Monthly Parenting Magazine

NATURE OF LEARNING

nature

If we want youngsters to develop into independent thinkers, parents have to learn how to let go and allow their children to explore the great outdoors, argues Robin Davies

Few parents would disagree that encouraging children to go outdoors and experience nature at close quarters is beneficial. Instinctively, most appreciate that a child that is playing in the garden, mucking around in the local park or building dens is doing what children should be doing and learning from their environment. Various studies have shown that outdoor learning can lessen anxiety, reduce attention deficit disorder, enhance creativity, increase memory and generally support wellbeing.

However, this consensus has to contend with an equally powerful parental instinct – the overwhelming desire to be protective. From those early days, when a toddler first crawls off the picnic blanket onto the grass, a parent’s instinct is to haul their baby back. Yes, that grass may look fun and inviting, but who knows what children will put in their mouths or what nasty stuff lurks out of sight and too easily within reach? Even when parents have learned to relax a bit and let them ramble off-blanket, we still worry our children will go too far or get too dirty.

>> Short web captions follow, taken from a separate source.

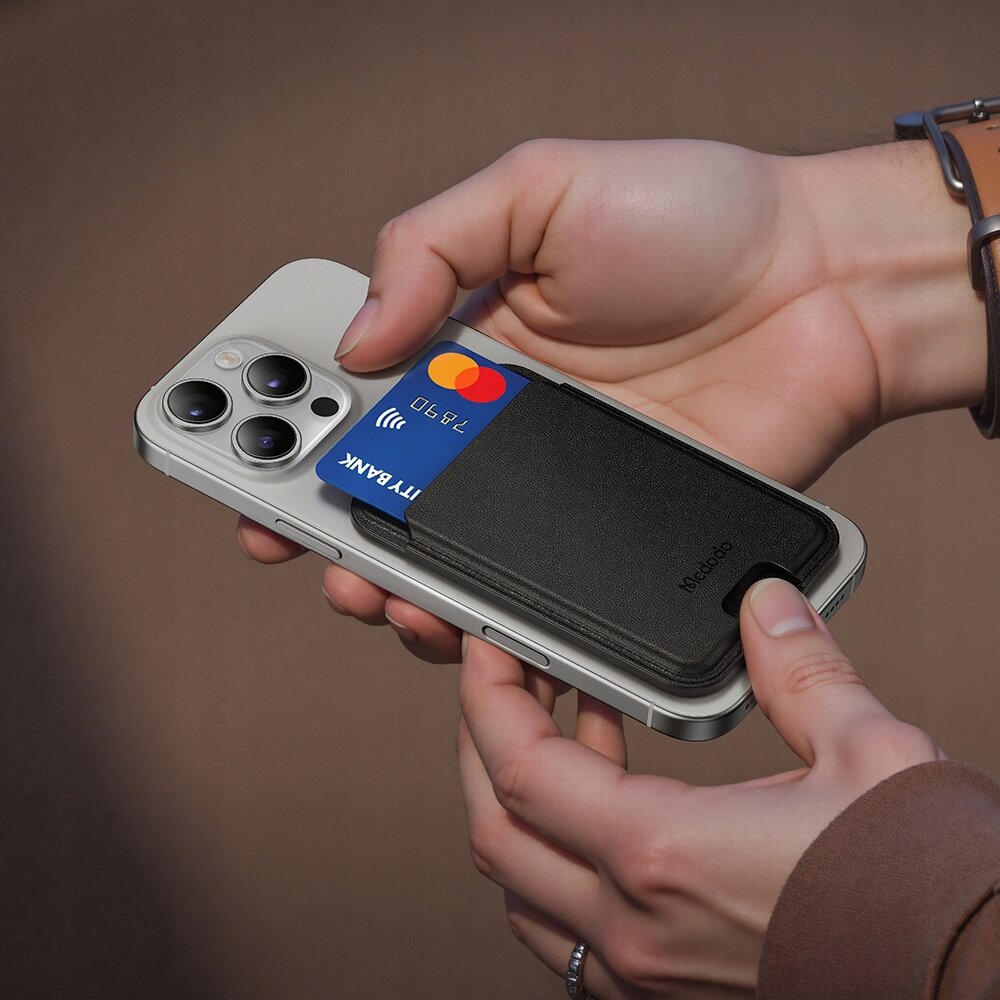 Osoba trzyma telefon z przymocowanym czarnym etui na karty kredytowe marki Mcdodo, w którym znajduje się karta płatnicza z widocznym napisem \'CITY BANK\'.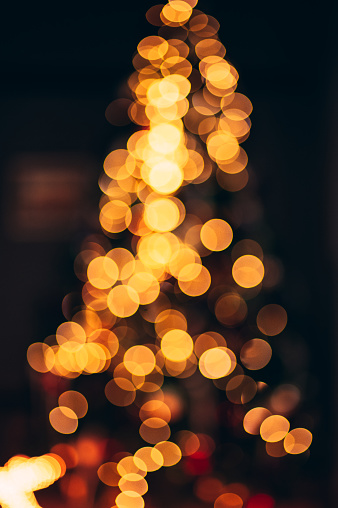 Dreamy Bokeh photo of Christmas Tree lights, Abstract Colorful Tree Background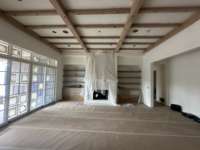 Great Room with a a coffered ceiling, wood-burning fireplace and built-in custom cabinetry to either side.  Photo taken 7/2/25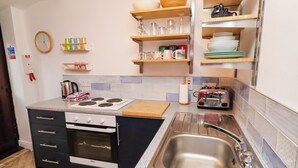 Eine Küche mit Herd, Backofen, Spüle und verschiedenen Küchenutensilien auf Regalen.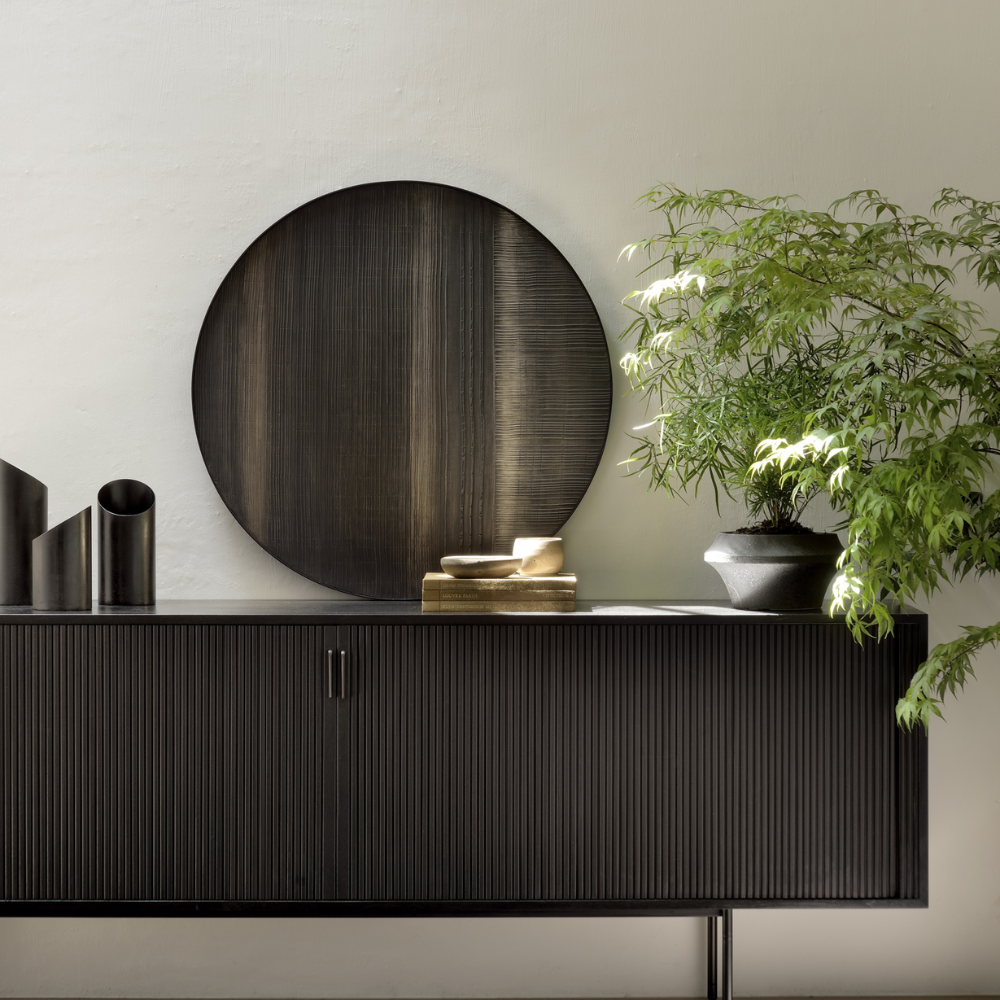 The 88-inch Roller Max Sideboard from Ethnicraft in teak off black in a living room.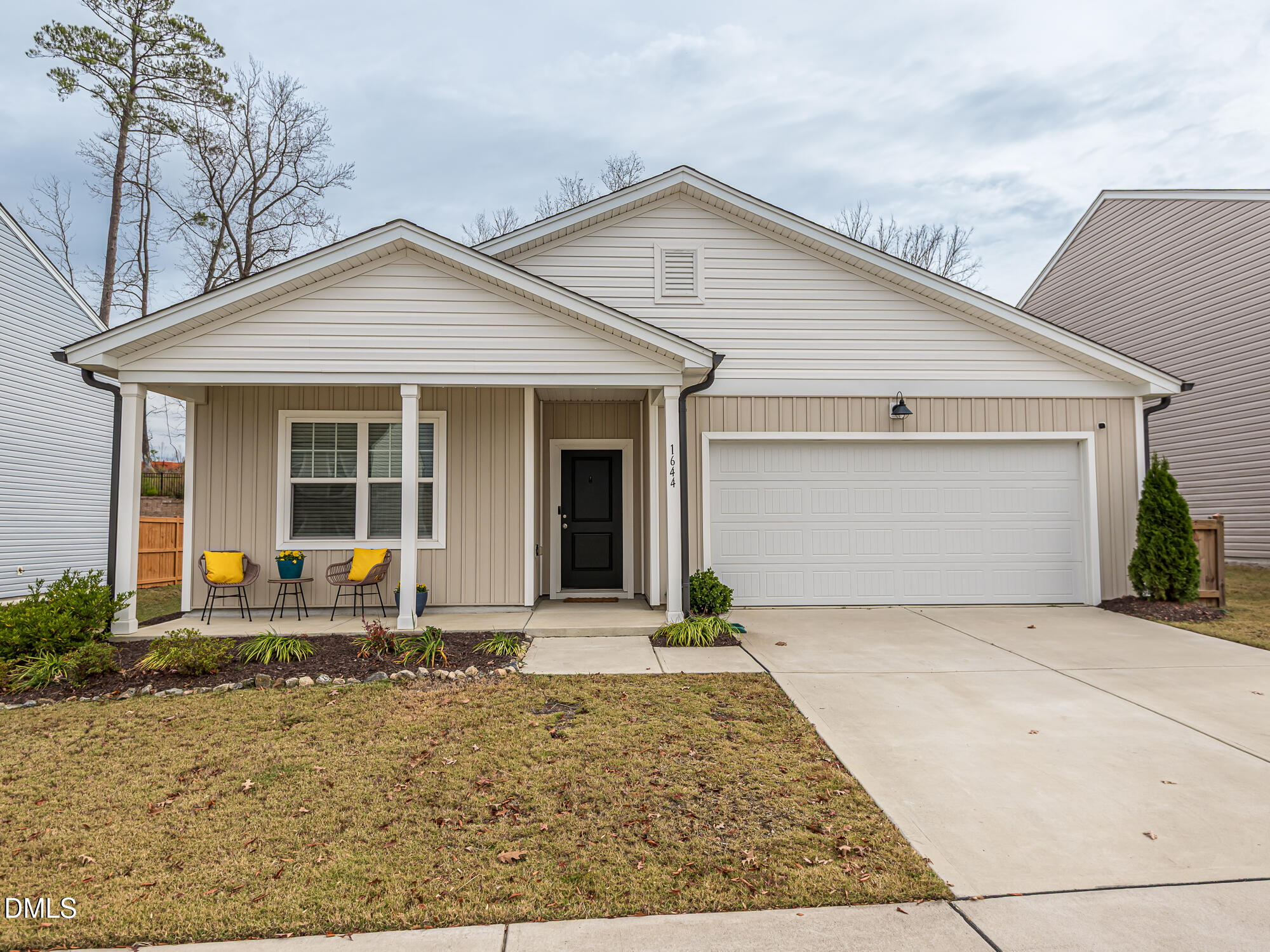 1644 Arapahoe Ridge Drive Raleigh, NC 27604 - Photo 2 of 41 a front view of house with yard and outdoor seating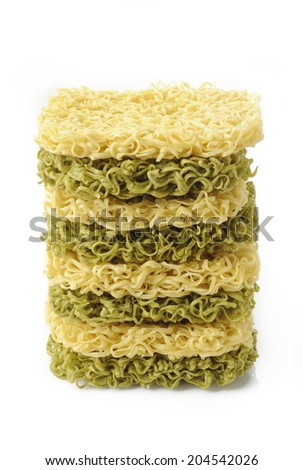dried green noodles and dried noodles on white background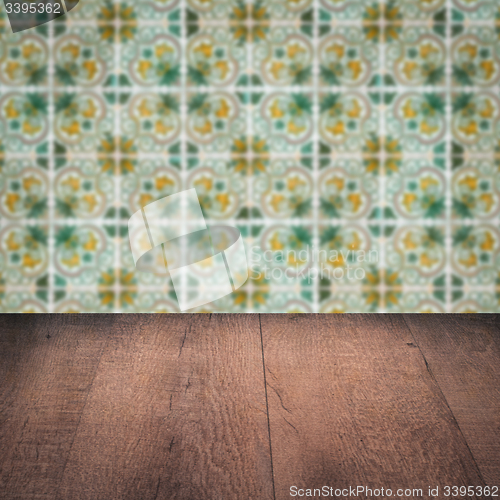Image of Wood table top and blur vintage ceramic tile pattern wall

Parental concern is natural – and, of course, children should be taught how to handle the environment safely and responsibly. But excessive protection can be extremely damaging. The human brain was designed to explore. If we wish children to interact with their surroundings and learn from the outdoors we have to curb our anxieties and release the leash. Children should be allowed to fall down and pick themselves up.

Unfortunately, I suspect the situation has deteriorated since we were children. The ubiquity of online distractions has made the outdoors less appealing. In a recent survey, three-quarters of parents said their children would prefer to play sports online rather than in real life. And, as we tend to lead busier lives than our parents did, it’s tempting to let technology take the strain.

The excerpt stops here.